Activity: Print exactly the lines that run from the one containing "Pinky_pie_sea_pony_1_small2" to the final line of the data, both included, and print none of the pictures.

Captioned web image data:
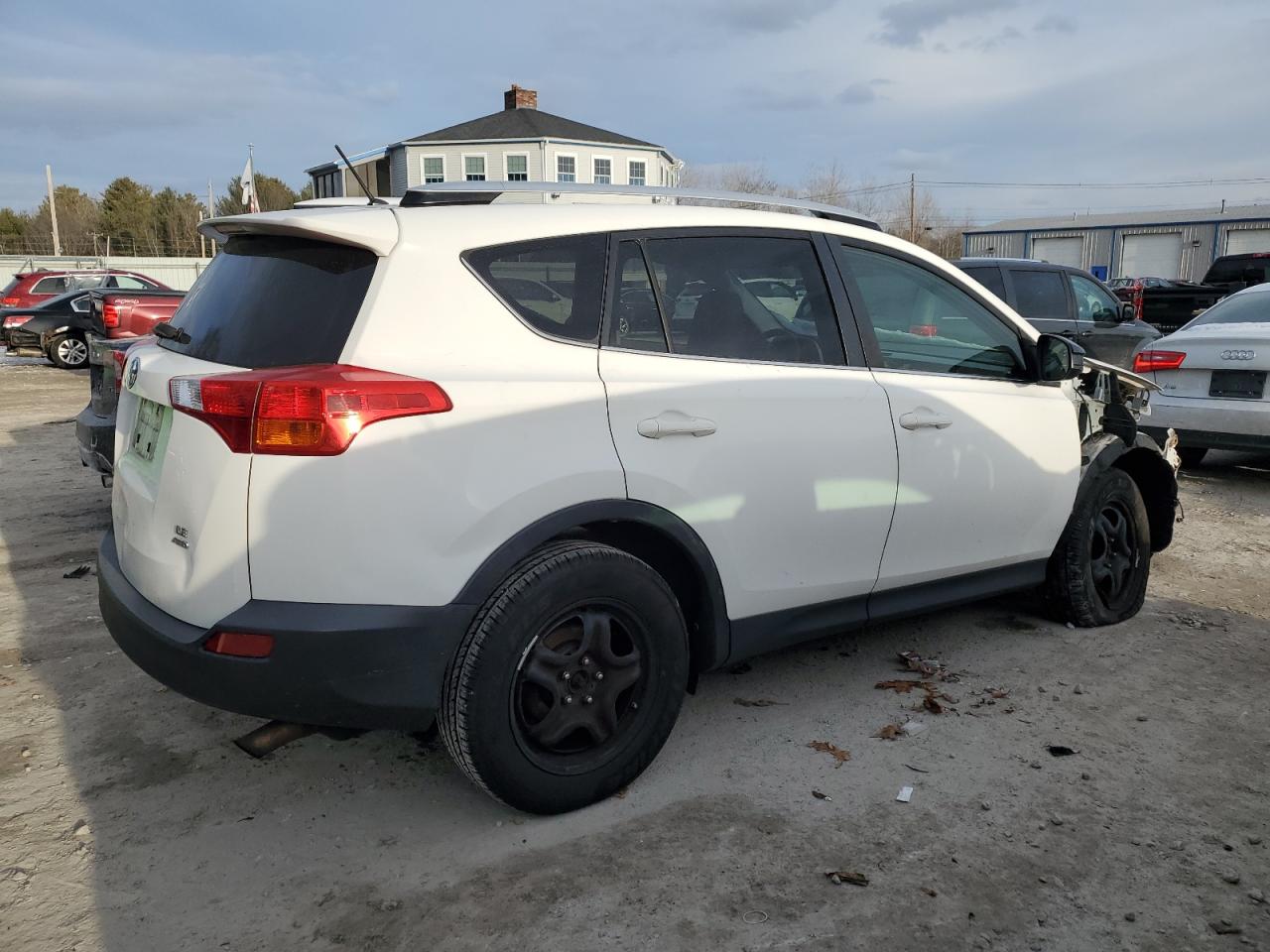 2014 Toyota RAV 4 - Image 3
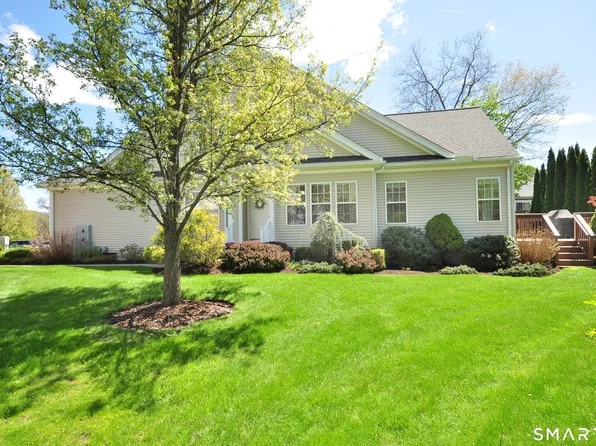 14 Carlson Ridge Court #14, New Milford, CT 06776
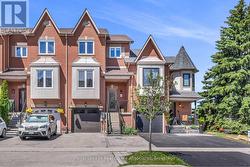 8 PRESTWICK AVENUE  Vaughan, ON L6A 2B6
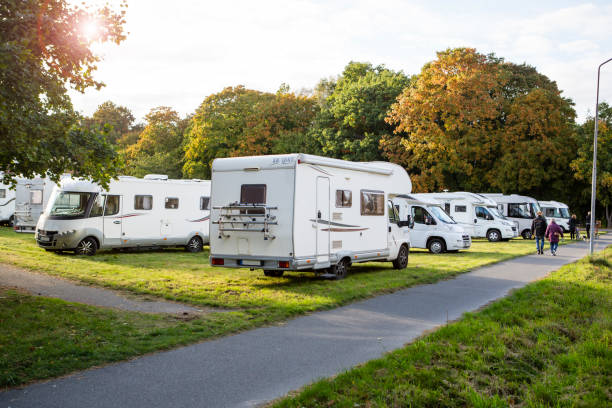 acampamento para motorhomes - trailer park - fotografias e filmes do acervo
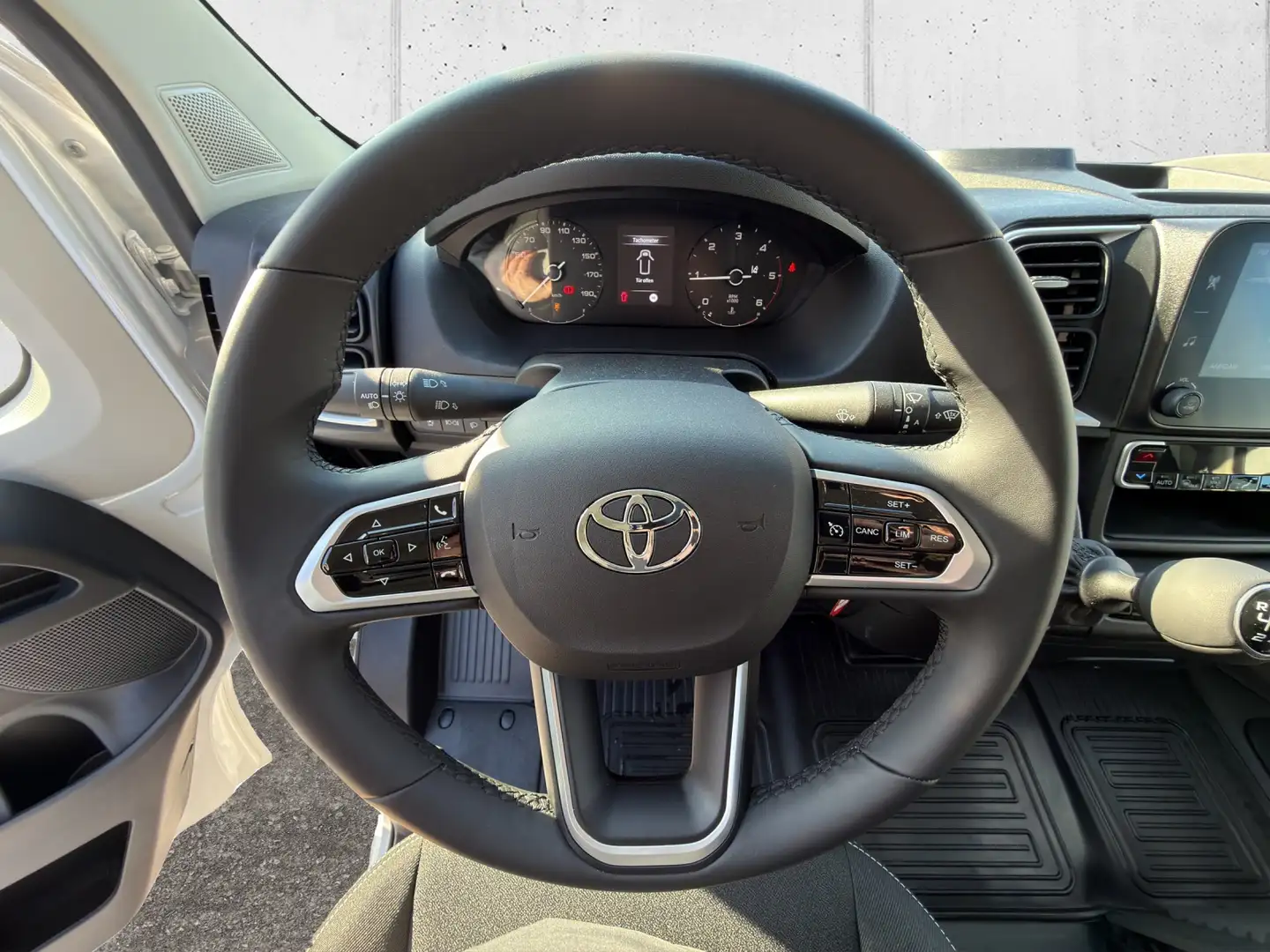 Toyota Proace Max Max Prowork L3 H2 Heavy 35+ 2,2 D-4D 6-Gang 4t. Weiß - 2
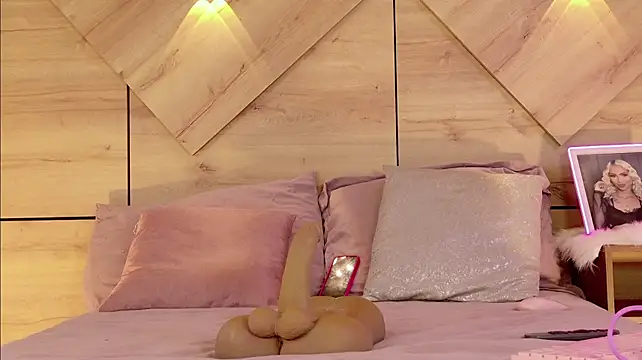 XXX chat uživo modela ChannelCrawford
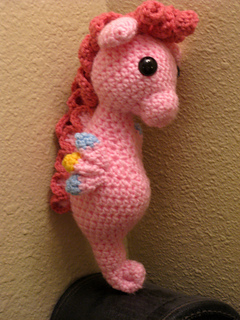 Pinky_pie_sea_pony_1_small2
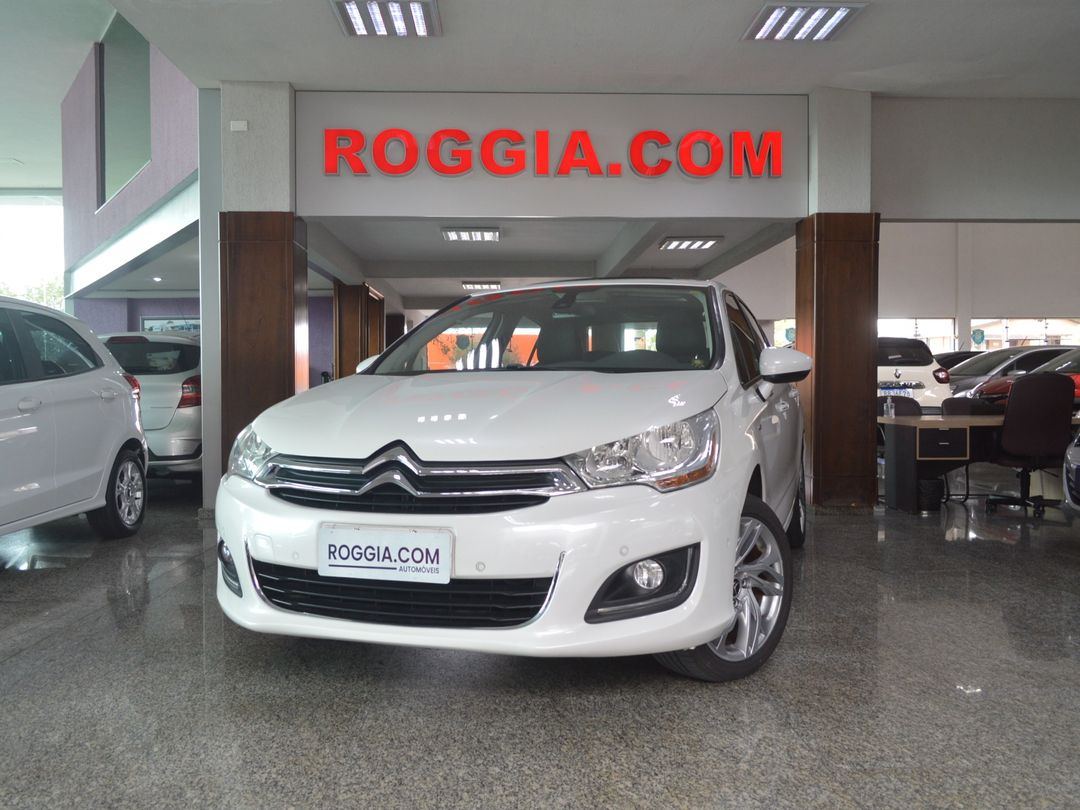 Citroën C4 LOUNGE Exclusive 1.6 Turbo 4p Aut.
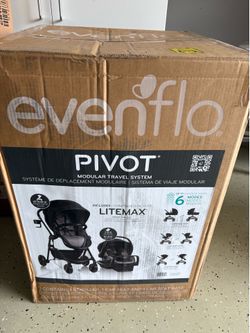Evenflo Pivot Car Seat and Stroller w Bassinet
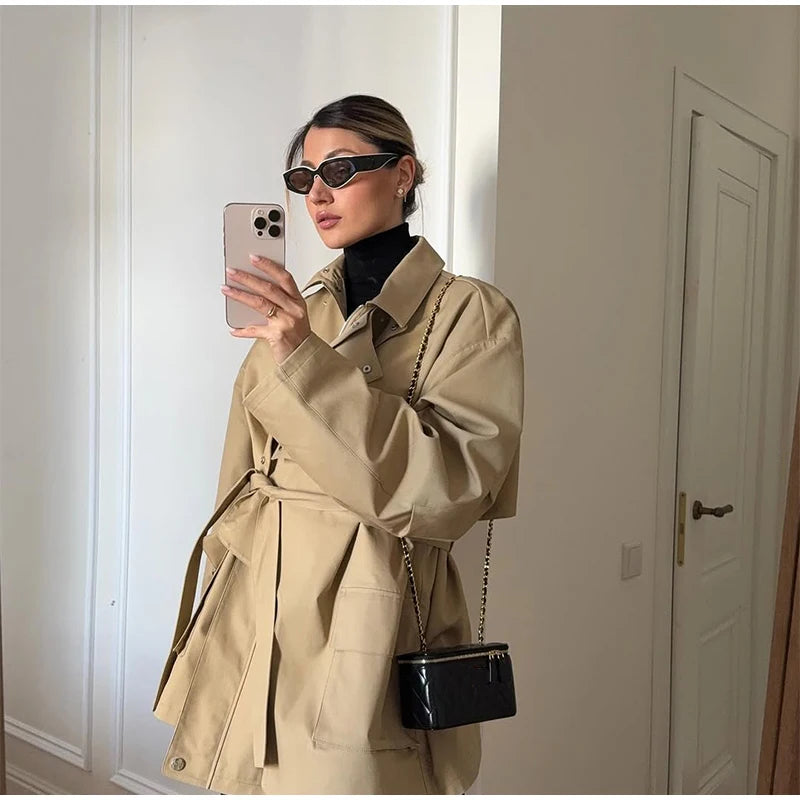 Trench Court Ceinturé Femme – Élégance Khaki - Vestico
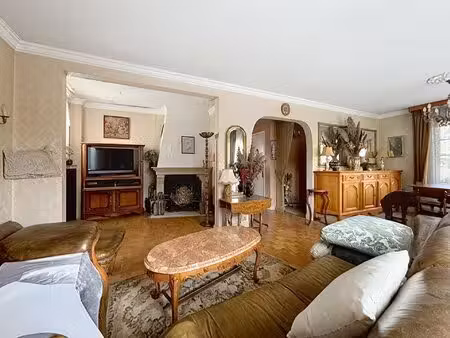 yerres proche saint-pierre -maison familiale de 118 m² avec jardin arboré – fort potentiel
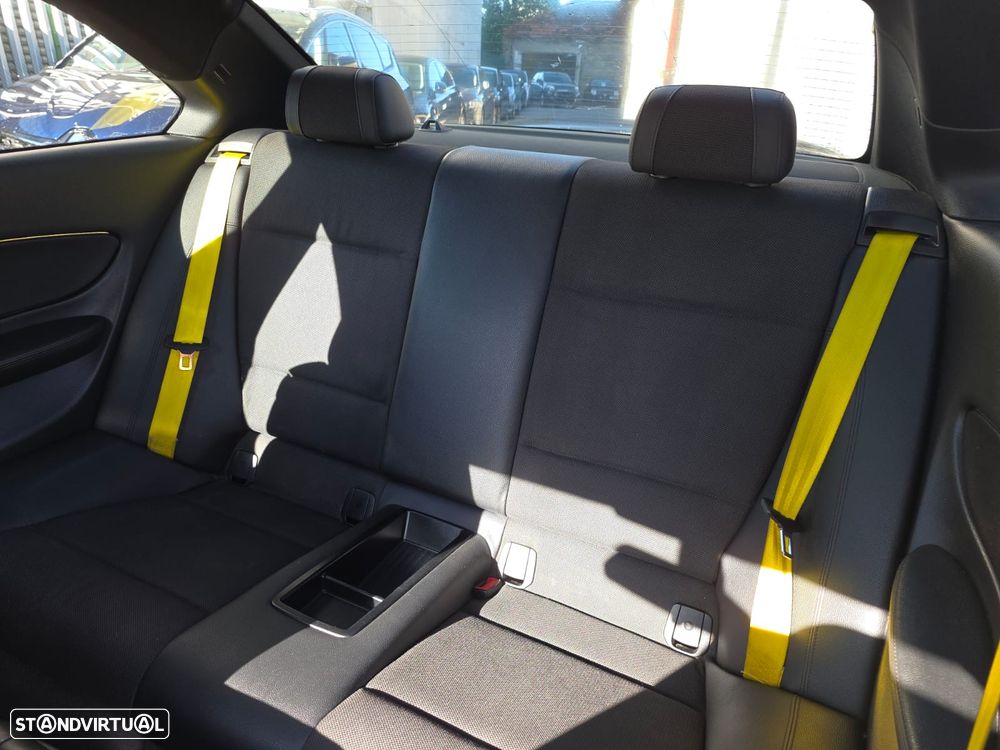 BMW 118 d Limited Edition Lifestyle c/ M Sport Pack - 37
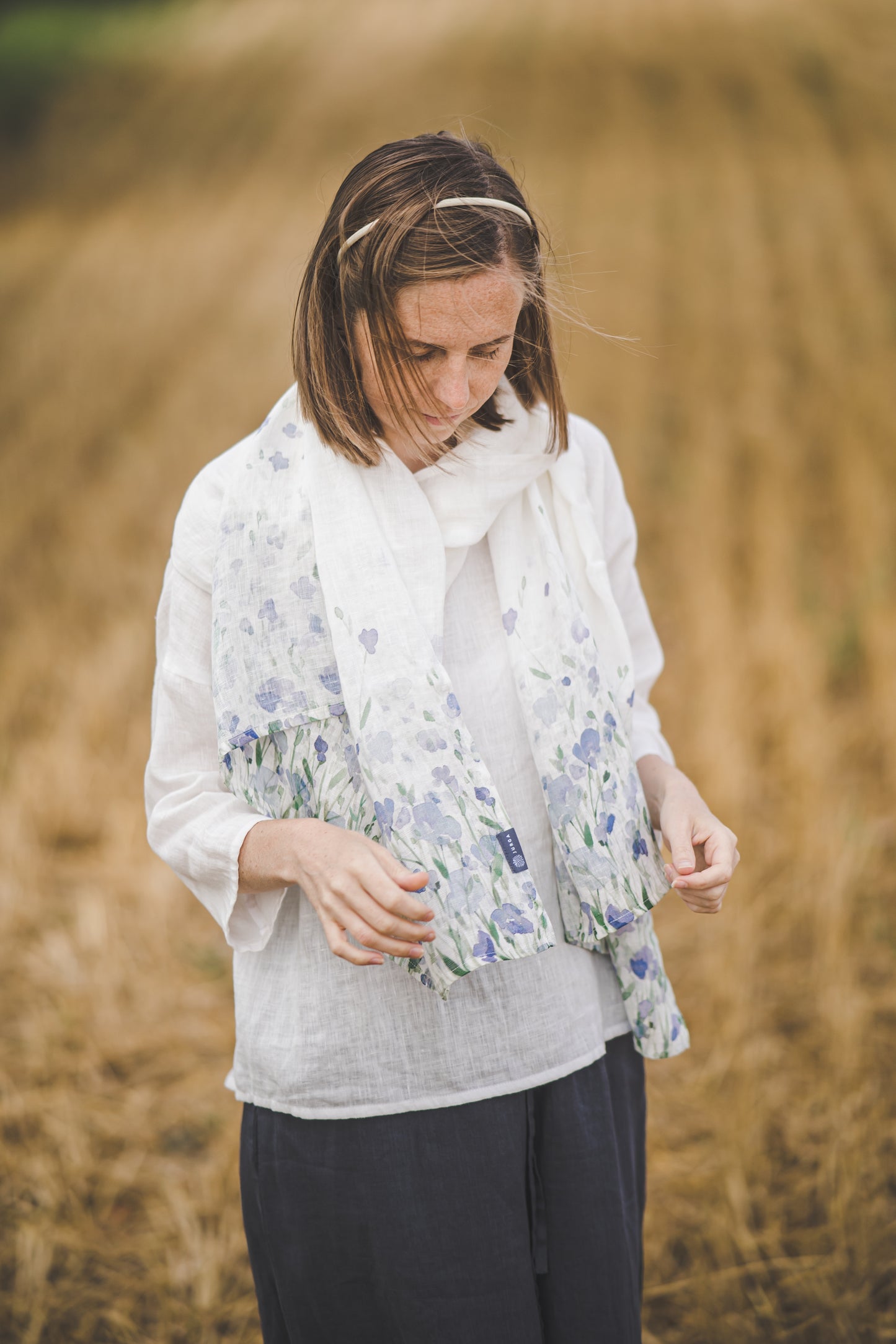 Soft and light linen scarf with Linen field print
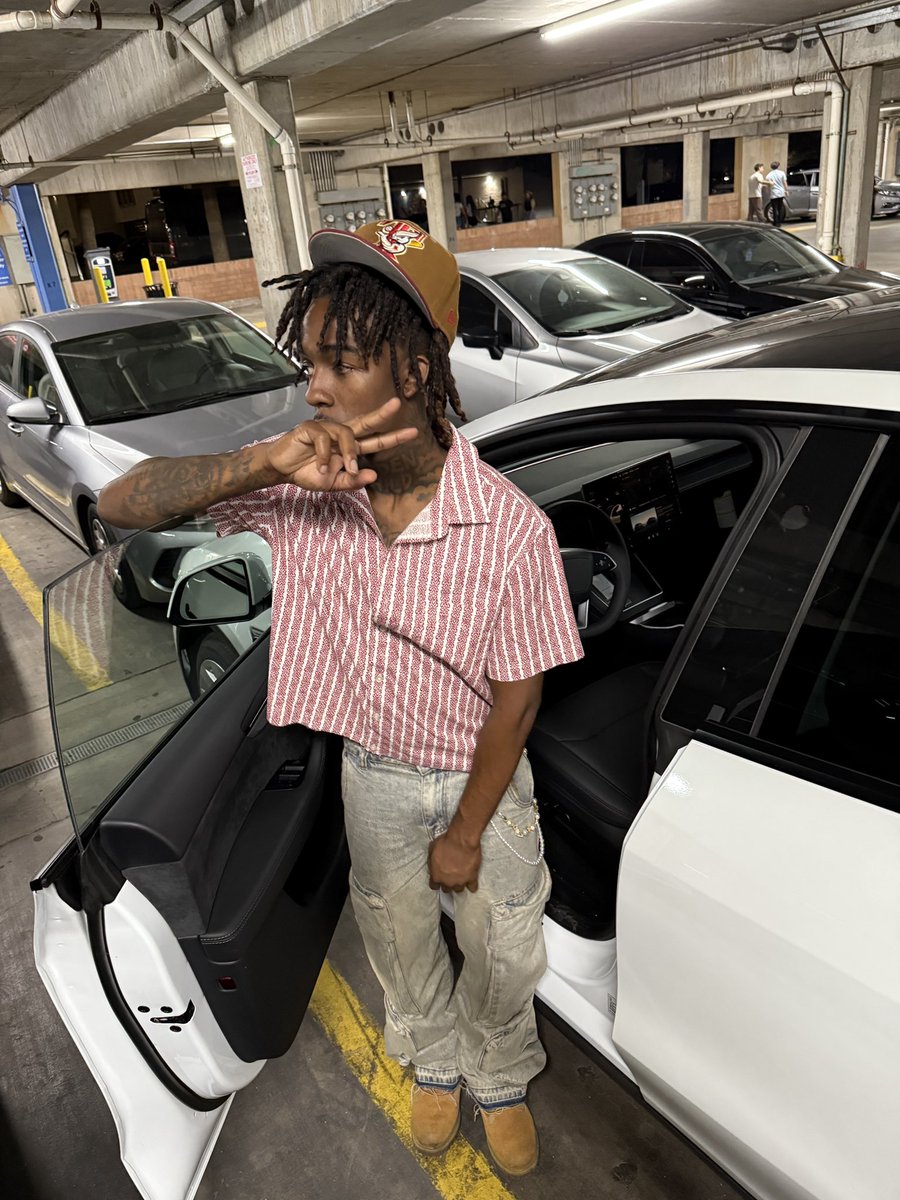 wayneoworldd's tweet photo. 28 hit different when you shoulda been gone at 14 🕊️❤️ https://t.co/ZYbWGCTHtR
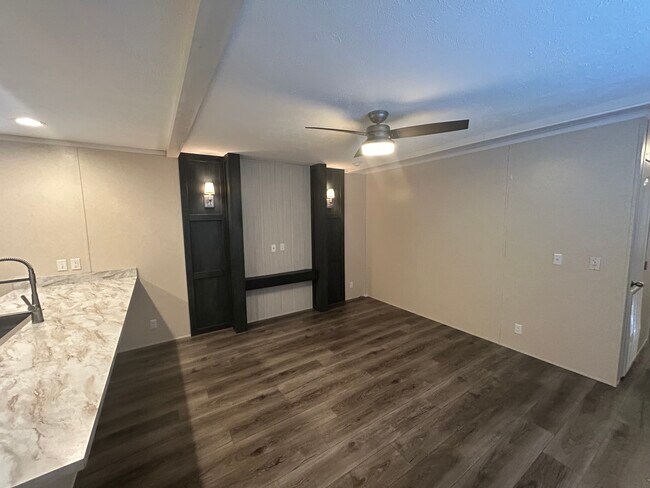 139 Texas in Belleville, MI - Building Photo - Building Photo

Written solution:
 Pinky_pie_sea_pony_1_small2
 Citroën C4 LOUNGE Exclusive 1.6 Turbo 4p Aut.
Evenflo Pivot Car Seat and Stroller w Bassinet
 Trench Court Ceinturé Femme – Élégance Khaki - Vestico
 yerres proche saint-pierre -maison familiale de 118 m² avec jardin arboré – fort potentiel
 BMW 118 d Limited Edition Lifestyle c/ M Sport Pack - 37
 Soft and light linen scarf with Linen field print
 wayneoworldd's tweet photo. 28 hit different when you shoulda been gone at 14 🕊️❤️ https://t.co/ZYbWGCTHtR
 139 Texas in Belleville, MI - Building Photo - Building Photo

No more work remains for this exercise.